Ceph Monitor Charm

Bug #2055143
Comment #0

Comment 0 for bug 2055143

Revision history for this message

Nishant Dash (dash3) wrote on 2024-02-27:

- Given a ntp misconfiguration or timeout on reaching ntp servers, there can a temporary situation where there is time drift or clock skew across a ceph-mon cluster.

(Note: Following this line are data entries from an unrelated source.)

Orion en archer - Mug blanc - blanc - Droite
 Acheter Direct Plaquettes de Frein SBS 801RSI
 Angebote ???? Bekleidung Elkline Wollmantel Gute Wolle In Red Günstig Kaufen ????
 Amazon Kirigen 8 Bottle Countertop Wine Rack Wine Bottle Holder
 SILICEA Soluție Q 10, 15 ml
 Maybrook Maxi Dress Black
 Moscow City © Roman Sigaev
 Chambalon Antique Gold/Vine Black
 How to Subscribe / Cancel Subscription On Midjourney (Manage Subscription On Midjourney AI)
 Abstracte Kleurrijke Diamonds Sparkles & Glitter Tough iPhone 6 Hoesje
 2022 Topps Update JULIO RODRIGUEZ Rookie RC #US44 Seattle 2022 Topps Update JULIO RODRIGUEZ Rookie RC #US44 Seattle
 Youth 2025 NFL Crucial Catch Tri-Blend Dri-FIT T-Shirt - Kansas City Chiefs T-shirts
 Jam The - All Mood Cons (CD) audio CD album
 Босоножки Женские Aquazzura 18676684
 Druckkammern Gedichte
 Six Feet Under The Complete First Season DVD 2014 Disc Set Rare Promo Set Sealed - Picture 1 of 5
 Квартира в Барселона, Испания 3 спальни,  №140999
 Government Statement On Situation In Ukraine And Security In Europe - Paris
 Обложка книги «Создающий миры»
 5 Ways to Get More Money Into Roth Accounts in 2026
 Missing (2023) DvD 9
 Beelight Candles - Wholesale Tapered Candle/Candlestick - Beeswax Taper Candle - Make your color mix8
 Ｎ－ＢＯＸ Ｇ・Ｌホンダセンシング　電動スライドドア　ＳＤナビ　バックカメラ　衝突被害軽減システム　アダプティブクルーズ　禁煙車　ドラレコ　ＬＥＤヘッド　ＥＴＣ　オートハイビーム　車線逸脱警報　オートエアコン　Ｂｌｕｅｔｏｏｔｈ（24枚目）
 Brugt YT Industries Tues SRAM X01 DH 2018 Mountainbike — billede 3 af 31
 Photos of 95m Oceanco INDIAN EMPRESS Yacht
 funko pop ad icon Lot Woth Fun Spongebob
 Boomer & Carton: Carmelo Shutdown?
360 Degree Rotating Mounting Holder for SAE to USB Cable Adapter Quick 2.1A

While this in itself is really bad, what I see with ceph mon is that the ceph-mon@... service (/usr/bin/ceph-mon) ends up taking gigs of mem (maxed out the node mem usage at 24G) when it should normally be taking a lot less (for the cluster I have about 500-800M.)

- My Setup:
3 vms, microk8s charm deployed to them and ceph mon + ceph osd charms deployed to them
```
ceph-csi v3.9.0,v0,v3... active 3 ceph-csi 1.28/stable 37 no Versions: cephfs=v3.9.0, config=v0, rbd=v3.9.0
ceph-mon 17.2.6 active 3 ceph-mon quincy/stable 201 no Unit is ready and clustered
ceph-osd 17.2.6 active 3 ceph-osd quincy/stable 576 no Unit is ready (1 OSD)
grafana-agent-microk8s active 3 grafana-agent edge 52 no
microk8s 1.28.3 active 3 microk8s 1.28/stable 213 no node is ready
ntp 4.2 active 3 ntp stable 50 no chrony: Ready
```

- To reproduce (1:1), you can set unreachable ntp servers for so chronyc should essentially have nothing to sync from, until a clock skew is introduced.